MDCs and other groupers such as CCSR (Clinical Classifications Software Refined) serve similar purposes—organizing diagnosis data into higher-level clinical categories—but they differ in key ways:
Feature | MDC | CCSR |
---|---|---|
Maintained By | CMS | AHRQ (Agency for Healthcare Research and Quality) |
Based On | DRG logic and inpatient claims | ICD-10-CM diagnosis codes |
Used In | Inpatient hospital reimbursement | Clinical analytics, dashboards, utilization studies |
Claim Requirement | Requires grouped DRG | Can be applied directly to ICD-10-CM diagnoses |
Granularity | Broad (25–27 categories) | More specific (approx. 530 categories) |
Body System vs. Clinical | Body system-based | Clinically nuanced (e.g., separates anxiety vs. depression) |
In summary:
- MDCs are tightly coupled to the MS-DRG reimbursement logic
- CCSR and other tools are often used for analytic segmentation across all claim types, not just inpatient
Code Structure
- MDC codes are 2-digit numeric codes:
01
–25
: Body systems (e.g., Nervous System, Digestive System)00
: Pre-MDC (transplants, ECMO)99
: Invalid or ungroupable
- Each MDC corresponds to a clinical area and includes many DRGs
Notes for Analysts
- MDCs are useful for high-level rollups of inpatient utilization and cost
- Each inpatient claim with a valid DRG can be mapped to exactly one MDC
- Some MDCs are mutually exclusive (e.g., Pregnancy vs. Digestive)

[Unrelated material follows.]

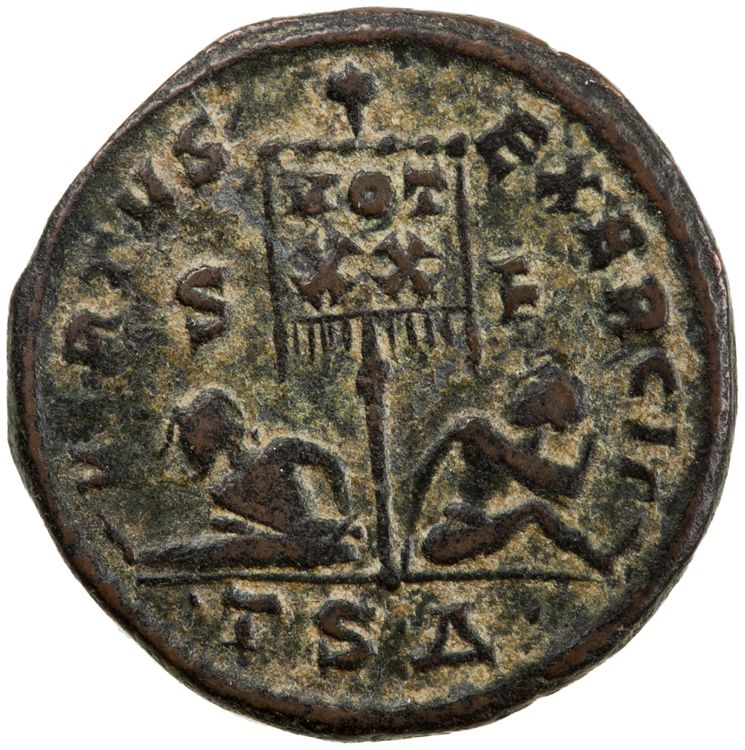 RIC VII Thessalonica 78, реверс, American Numismatic Society (ans)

- Be cautious when using MDCs to analyze transfers or partial payments—MDCs do not reflect final payment details
Key Use Cases for MDC Codes
- Clinical dashboards that track inpatient service lines
- Financial modeling based on DRG families
- Policy analysis involving MS-DRG changes or population segmentation
- Case mix analysis for health systems or payers
Tuva Seed File Update Process
Note: This is the maintenance process used by Tuva to maintain the current codeset in the Tuva package. Tuva users do not need to complete this step unless they are leveraging a different version of codes or are no longer updating to the current version of the project, but need an updated terminology set.
- Navigate to the CMS MS DRG website
- Under the section "MS-DRG Definitions Manual and Software", click on "V42 Definitions Manual Table of Contents - Full Titles - HTML Version"

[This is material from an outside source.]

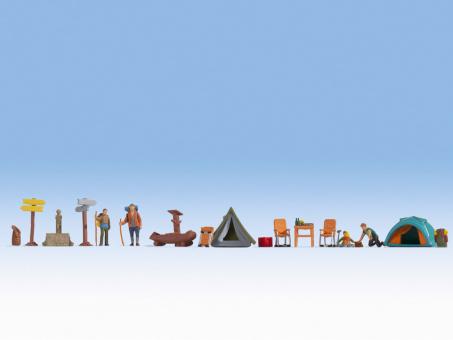 NOCH Figuren-Themenwelt Camping 16201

- The version (e.g. V42) will change with each new release.
- Click on the hyperlink "Design and Development of the Diagnosis Related Group (DRGs)"
- Scroll through the PDF to find the "Major Diagnostic Categories" table
- Copy and paste the code list into any text editor
- Format the codes as a CSV and save
- Import the CSV file into any data warehouse
- Upload the CSV file from the data warehouse to S3 (credentials with write permissions to the S3 bucket are required)
-- example code for Snowflake
copy into s3://tuva-public-resources/terminology/mdc.csv
from [table_created_in_step_7]
file_format = (type = csv field_optionally_enclosed_by = '"')
storage_integration = [integration_with_s3_write_permissions]
OVERWRITE = TRUE;
- Create a branch in docs. Update the
last_updated
column in the table above with the current date - Submit a pull request
The below steps are only required if the headers of the file need to be changed. The Tuva Project does not store the contents of the mdc file in GitHub.